**PROBLEM TO SOLVE**. Restate the full listing word for word; images stay out of it.

**INFORMATION SHOWN**.
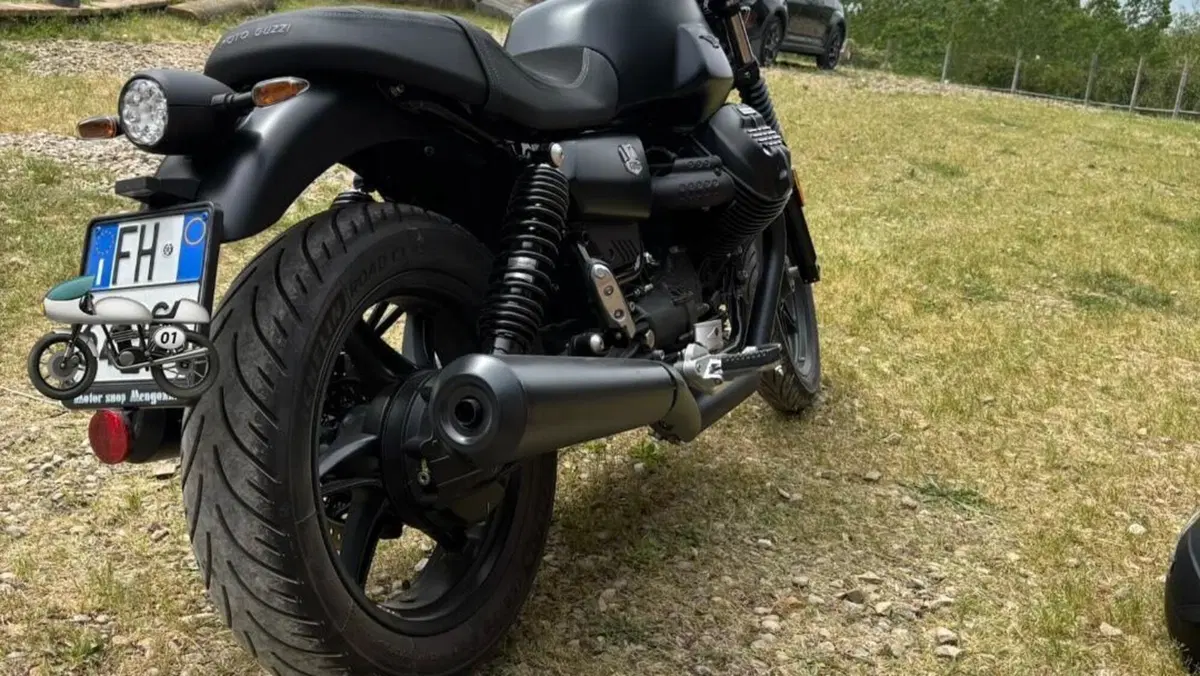 Moto Guzzi V7 Stone (2021 - 24)  (7)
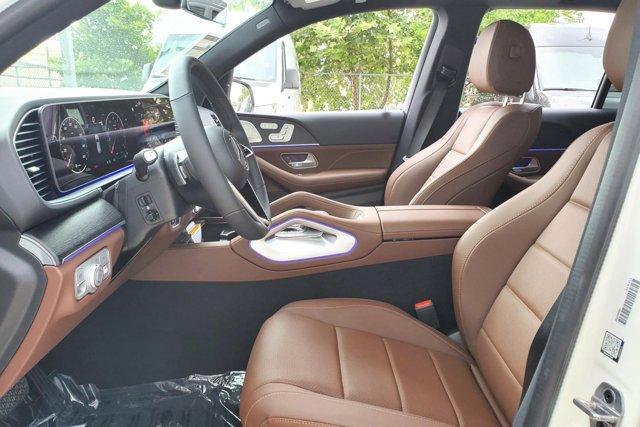 new 2025 Mercedes-Benz GLE 450 car, priced at $81,345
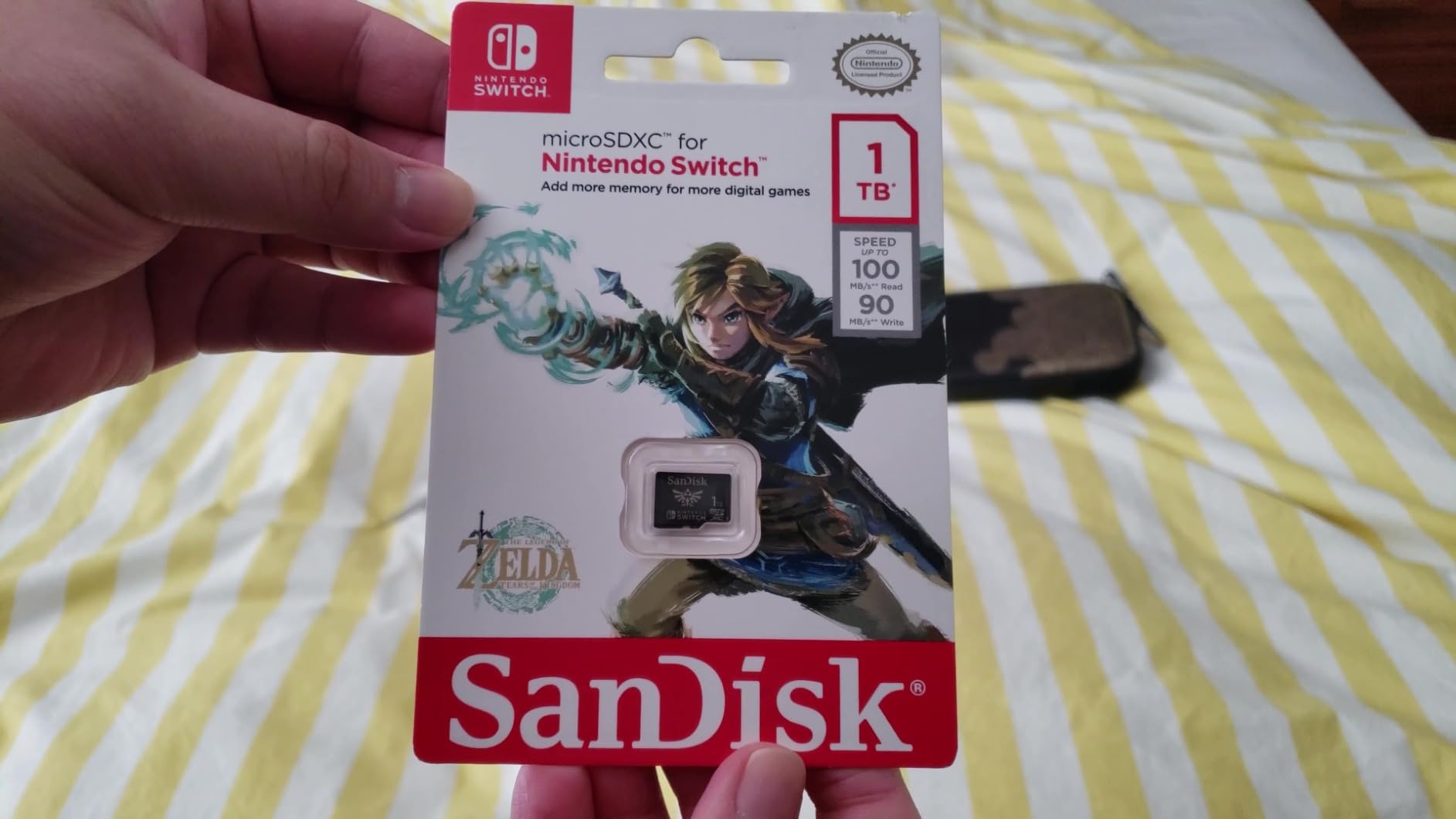 SanDisk 1TB microSDXC-Card Licensed for Nintendo-Switch - SDSQXAO-1T00-GN6ZN customer photo 1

**ANSWER TO THIS PROBLEM**.
 Moto Guzzi V7 Stone (2021 - 24)  (7)
 new 2025 Mercedes-Benz GLE 450 car, priced at $81,345
 SanDisk 1TB microSDXC-Card Licensed for Nintendo-Switch - SDSQXAO-1T00-GN6ZN customer photo 1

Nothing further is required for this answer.